I'm talking about our intentions and the choices we make, based on those intentions. And that sometimes, no matter how good-intentioned one is and the commitment one makes to back that intention (or perhaps, conviction) - one may still get it wrong.
Because choices that are normal are choices that do not break society's accepted norms. Just because one has decided to be an exception to the rule, does not mean that one will be measured by a different yardstick, by society.
And God has never promised us a rose garden for the good, in this world. The rose garden in return for good deeds, is a promise for the next world. But there are no guarantees in this world. Doing the right things may still get you in the wrong place with the worst of possible conclusions.
I'll give you an example. If you choose to be honest and incorrupt in all your financial dealings, you will know that your hard-earned money is clean and I guess God knows, too.
But you may rise slower in wealth and stature than some of the other corrupt fellows that have decided to swindle their Government, their fellow citizens, their taxpayers, their political party members, their clients, their business partners, their creditors, their minority shareholders, etc.
Some people may notice that you're an honest businessman. Most other people will notice that others are more successful than you, though they probably won't get into details of why, that is so. (Note that I'm not saying that being dishonest and corrupt, is the only way to prosper financially - all I'm saying is that it's a POPULAR way)
You've made a conscious choice to be honest. And you will stand by it, come rain or shine. You refuse to be bought. You believe that you're doing the right thing - for yourself, for your business, for God or for society - whatever your own motivations may be.
But the issue is about the consequences that you're willing to live with, for the conscious choices that you make. Are you willing to pay the price - of being an honest man, all your life? Letting go of every pecuniary opportunity that doesn't feel morally right?

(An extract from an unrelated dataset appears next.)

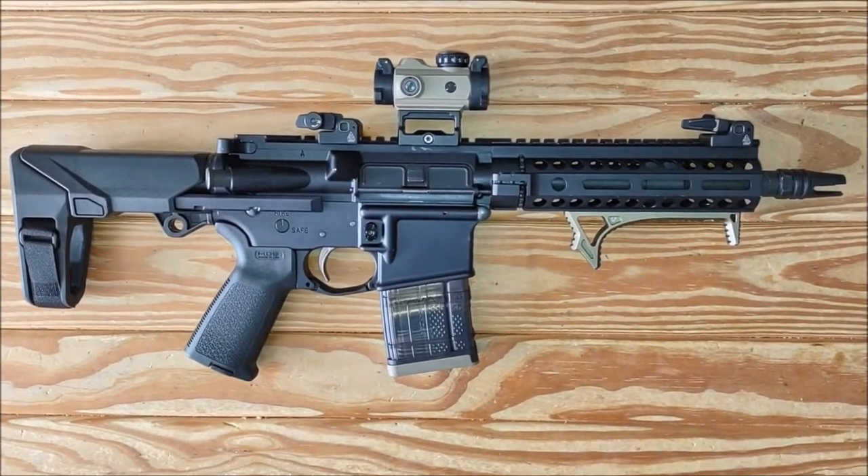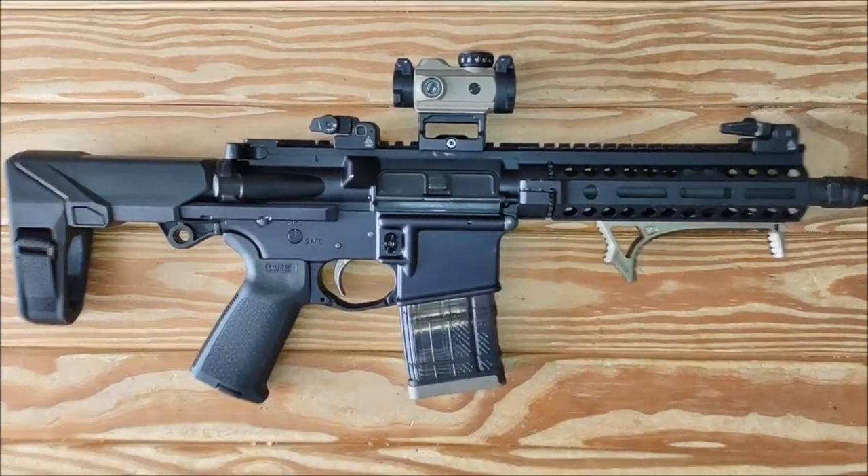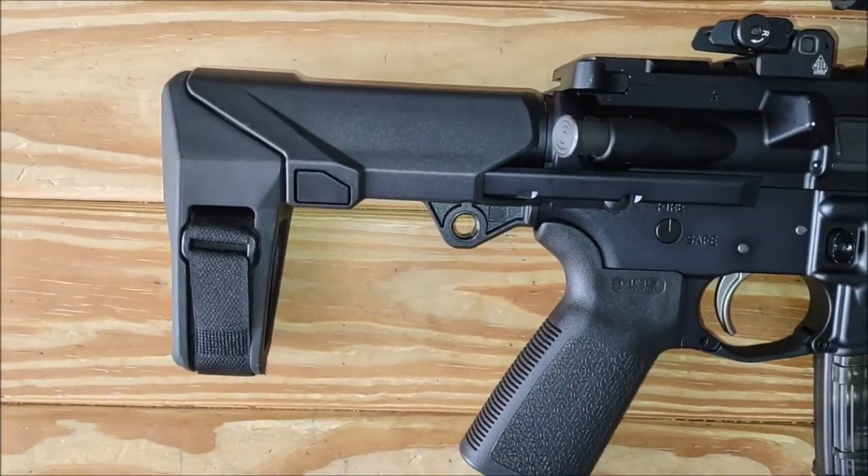This is my 300 Blackout Palmetto State Armory AR pistol. Recently I swapped out the brace for this honey badger brace.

You know what you think, probably. You know what your religion ordains for you. But you don't know what society will think of you. Society's values may differ from your own - in a society which values materialism above all else - being an honest man may not be an asset - it may be a liability. Or an impediment to wealth and stature.
Are you willing to pay the price of being the odd one out in society? Most people don't want to - social conformity is more about being accepted and sometimes, has very little to do, with being right.
Most of us, don't want to be right - we want to be accepted by the bigger crowd. So we conform to all of its expectations - we dress accordingly, we talk in a certain way and we follow all the values that would get us accepted, with open arms. We want to blend in, to be part of a bigger grouping. We shape the things we want, to the things others find cool. There's a sense of security in uniformity of values.
And somewhere along the way, we frown upon individuals and individual thinking. We frown on non-conformity. We frown on people who are neither nor there - just middle of the road and seemingly undecided, on their social and moral standing. In Rome, do as the Romans do, people say. But what happens when you refuse to do so?
Sometimes, the choices you make will decide whether you're in or out. And most times, in social groupings, the choice is that simple: Are you in or are you out? Conform or get rejected.
(Those that don't drink or smoke in a club in KL, nowadays, will know exactly what I mean. These are awkward times, to be middle of the road. Much has changed in the last 10-15 years)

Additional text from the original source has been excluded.